Recently, the 3rd District Court of Appeal (“3rd DCA”) rules against a homeowner’s association (HOA) seeking costs and attorney’s fees in addition to the statutory amounts it received after a foreclosure. Opinion here.
Generally, after a foreclosure sale occurs, and the bank is the winning bidder (ONLY when the bank wins title), there are outstanding HOA assessments due as well. Who pays those? Well the Florida Legislature crafted a statute, Section 720.3085(2)(c) to remedy this.
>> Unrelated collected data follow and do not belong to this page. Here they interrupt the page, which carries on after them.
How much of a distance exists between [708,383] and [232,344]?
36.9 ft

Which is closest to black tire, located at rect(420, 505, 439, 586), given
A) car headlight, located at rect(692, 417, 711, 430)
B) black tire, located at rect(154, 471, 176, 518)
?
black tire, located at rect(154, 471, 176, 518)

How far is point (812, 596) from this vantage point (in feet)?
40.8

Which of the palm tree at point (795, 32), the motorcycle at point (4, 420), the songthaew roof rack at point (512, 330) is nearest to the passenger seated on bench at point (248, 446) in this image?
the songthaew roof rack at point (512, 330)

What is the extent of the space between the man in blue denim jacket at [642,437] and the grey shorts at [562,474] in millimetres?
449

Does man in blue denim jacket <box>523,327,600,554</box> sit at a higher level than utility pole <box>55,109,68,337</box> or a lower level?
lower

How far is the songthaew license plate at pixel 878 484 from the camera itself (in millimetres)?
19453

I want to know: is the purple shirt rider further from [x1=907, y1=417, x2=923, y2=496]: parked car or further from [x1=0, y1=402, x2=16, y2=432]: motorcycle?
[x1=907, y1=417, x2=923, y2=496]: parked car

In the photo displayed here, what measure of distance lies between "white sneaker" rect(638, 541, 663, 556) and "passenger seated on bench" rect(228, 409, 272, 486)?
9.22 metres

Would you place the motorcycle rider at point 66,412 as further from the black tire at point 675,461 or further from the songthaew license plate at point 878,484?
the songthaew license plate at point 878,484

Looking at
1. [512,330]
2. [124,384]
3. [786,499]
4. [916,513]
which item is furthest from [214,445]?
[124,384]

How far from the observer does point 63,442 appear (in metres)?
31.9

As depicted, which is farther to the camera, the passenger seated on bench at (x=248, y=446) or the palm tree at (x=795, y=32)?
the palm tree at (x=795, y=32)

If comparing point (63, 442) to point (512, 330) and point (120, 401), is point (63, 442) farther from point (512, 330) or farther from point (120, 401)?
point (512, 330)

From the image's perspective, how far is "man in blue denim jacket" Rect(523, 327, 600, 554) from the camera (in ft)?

This Section, also referred to as the “Safe Harbor Provision” states:
(c) Notwithstanding anything to the contrary contained in this section, the liability of a first mortgagee, or its successor or assignee as a subsequent holder of the first mortgage who acquires title to a parcel by foreclosure or by deed in lieu of foreclosure for the unpaid assessments that became due before the mortgagee’s acquisition of title, shall be the lesser of:
1. The parcel’s unpaid common expenses and regular periodic or special assessments that accrued or came due during the 12 months immediately preceding the acquisition of title and for which payment in full has not been received by the association; or
2. One percent of the original mortgage debt.
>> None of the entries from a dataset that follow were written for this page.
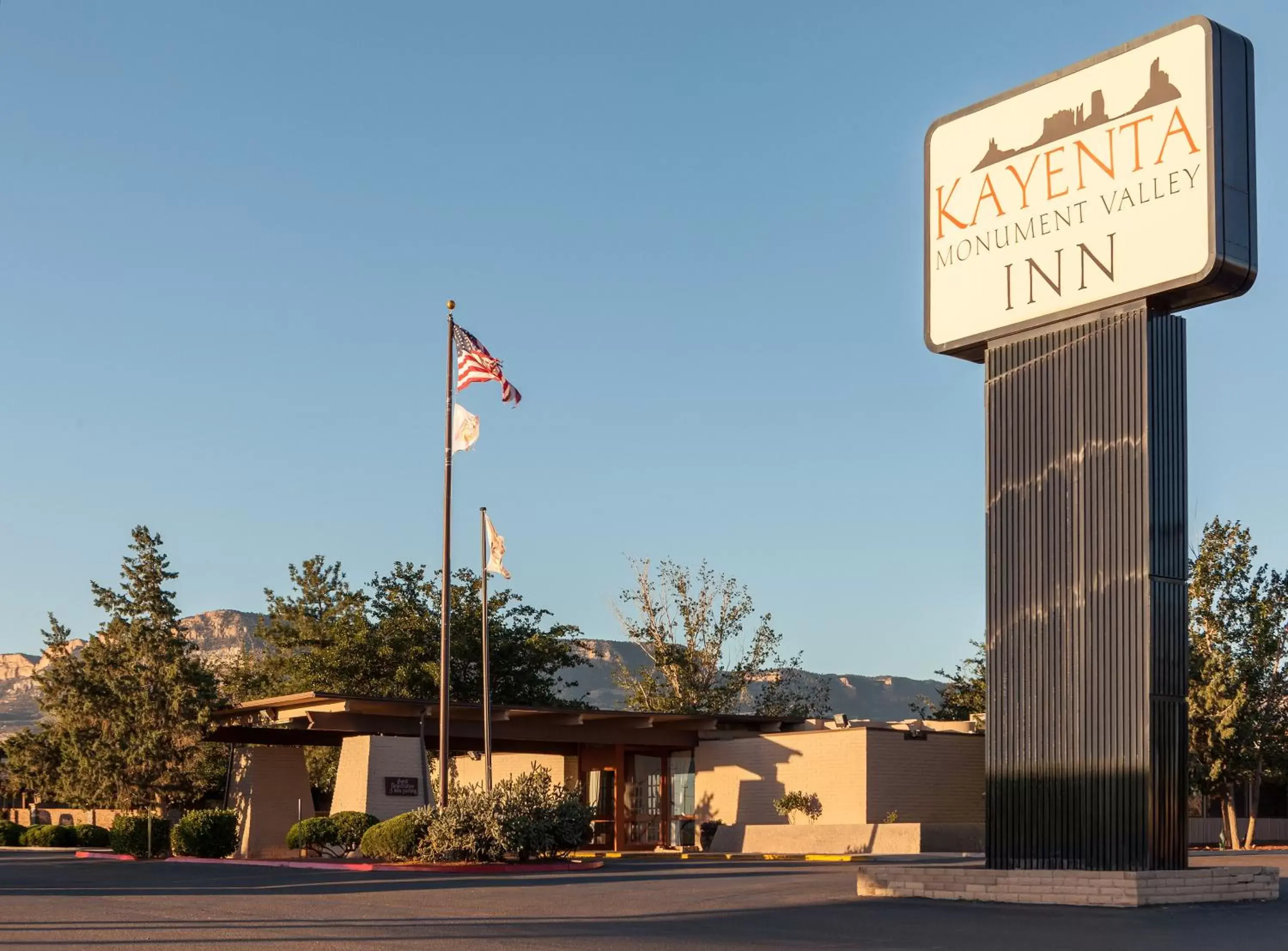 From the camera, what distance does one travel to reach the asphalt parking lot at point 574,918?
574 inches

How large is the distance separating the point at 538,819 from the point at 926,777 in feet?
43.1

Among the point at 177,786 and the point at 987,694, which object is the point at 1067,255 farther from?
the point at 177,786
In plain English, this says that if the bank takes title, it is only liable to the HOA for the 12 months of regular or special assessments prior to taking title, or 1% of the original mortgage price, whichever is less; typically the 12 months unless it was a very small mortgage.
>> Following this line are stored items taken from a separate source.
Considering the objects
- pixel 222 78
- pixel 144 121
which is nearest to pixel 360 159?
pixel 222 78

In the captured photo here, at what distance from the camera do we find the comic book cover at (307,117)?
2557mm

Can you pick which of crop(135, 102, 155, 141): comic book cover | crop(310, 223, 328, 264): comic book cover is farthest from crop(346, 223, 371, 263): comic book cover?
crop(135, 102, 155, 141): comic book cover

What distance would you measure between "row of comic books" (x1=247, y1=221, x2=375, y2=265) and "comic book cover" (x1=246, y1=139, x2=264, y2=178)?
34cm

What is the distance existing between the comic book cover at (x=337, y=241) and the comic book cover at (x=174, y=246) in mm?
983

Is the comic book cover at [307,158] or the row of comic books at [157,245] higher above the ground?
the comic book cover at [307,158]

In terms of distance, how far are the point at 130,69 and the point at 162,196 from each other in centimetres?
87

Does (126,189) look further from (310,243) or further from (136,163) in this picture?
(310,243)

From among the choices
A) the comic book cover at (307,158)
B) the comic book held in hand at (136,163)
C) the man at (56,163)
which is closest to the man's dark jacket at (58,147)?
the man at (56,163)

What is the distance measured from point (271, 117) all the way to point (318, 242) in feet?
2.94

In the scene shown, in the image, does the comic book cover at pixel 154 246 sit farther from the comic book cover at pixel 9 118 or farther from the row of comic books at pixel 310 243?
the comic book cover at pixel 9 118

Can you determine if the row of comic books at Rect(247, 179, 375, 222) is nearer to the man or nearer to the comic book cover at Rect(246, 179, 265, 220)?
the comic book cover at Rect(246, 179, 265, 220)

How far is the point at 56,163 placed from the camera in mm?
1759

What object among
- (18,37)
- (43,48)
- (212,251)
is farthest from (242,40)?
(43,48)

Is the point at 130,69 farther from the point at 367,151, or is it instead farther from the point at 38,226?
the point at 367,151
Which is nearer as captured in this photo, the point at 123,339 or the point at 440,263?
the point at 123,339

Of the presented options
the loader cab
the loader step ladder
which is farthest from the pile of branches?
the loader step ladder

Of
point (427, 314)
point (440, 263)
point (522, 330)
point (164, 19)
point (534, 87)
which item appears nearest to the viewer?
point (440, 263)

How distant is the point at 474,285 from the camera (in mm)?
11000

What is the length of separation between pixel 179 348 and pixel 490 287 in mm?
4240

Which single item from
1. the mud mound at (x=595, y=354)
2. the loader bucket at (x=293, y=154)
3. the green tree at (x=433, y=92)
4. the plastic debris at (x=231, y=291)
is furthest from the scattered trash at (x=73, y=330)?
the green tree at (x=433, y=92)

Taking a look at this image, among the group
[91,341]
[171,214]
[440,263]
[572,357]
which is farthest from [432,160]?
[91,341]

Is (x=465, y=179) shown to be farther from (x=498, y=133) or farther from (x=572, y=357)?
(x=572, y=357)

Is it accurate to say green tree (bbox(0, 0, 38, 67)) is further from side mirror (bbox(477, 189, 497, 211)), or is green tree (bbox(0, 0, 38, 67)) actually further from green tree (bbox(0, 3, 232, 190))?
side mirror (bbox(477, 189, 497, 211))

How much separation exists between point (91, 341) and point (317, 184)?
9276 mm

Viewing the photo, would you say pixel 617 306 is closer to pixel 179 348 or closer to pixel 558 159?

The 2 HOAs in this appeal argued the same Section of the statutes “required them to apply any payments received from [the mortgagee] first to late charges and interest, and then to costs and attorney’s fees incurred in collection, and only then to assessments.”
The 3rd DCA found that if the legislature wanted the Safe Harbor Provision to include attorney’s fees and costs the language of the Section would say so. The court said that “‘unpaid common expenses and regular periodic or special assessments’ does not include amounts for attorney’s fees, costs, and interest. … Given the unambiguous language of the statute, we must conclude that if the Legislature intended to include attorney’s fees, costs, interest, or other charges as part of the first mortgagee’s liability, it would have included any one or more of those items in the safe harbor provision.”
The 3rd DCA thus rules against the HOAs.
In practice, this means that the HOA is likely out thousands in costs chasing the foreclosure in state court and on appeal; as well as paying the bank’s lawyers fees as prevailing party on appeal. This is likely in excess of the 12 months the bank had to pay the HOA.
This is a good lesson for HOA boards to take what the law provides and don’t chase parties in bank foreclosures hoping to get paid. Start your foreclosure EARLY; as previously discussed here the foreclosure MUST be filed before the bank files theirs or else the association’s is barred.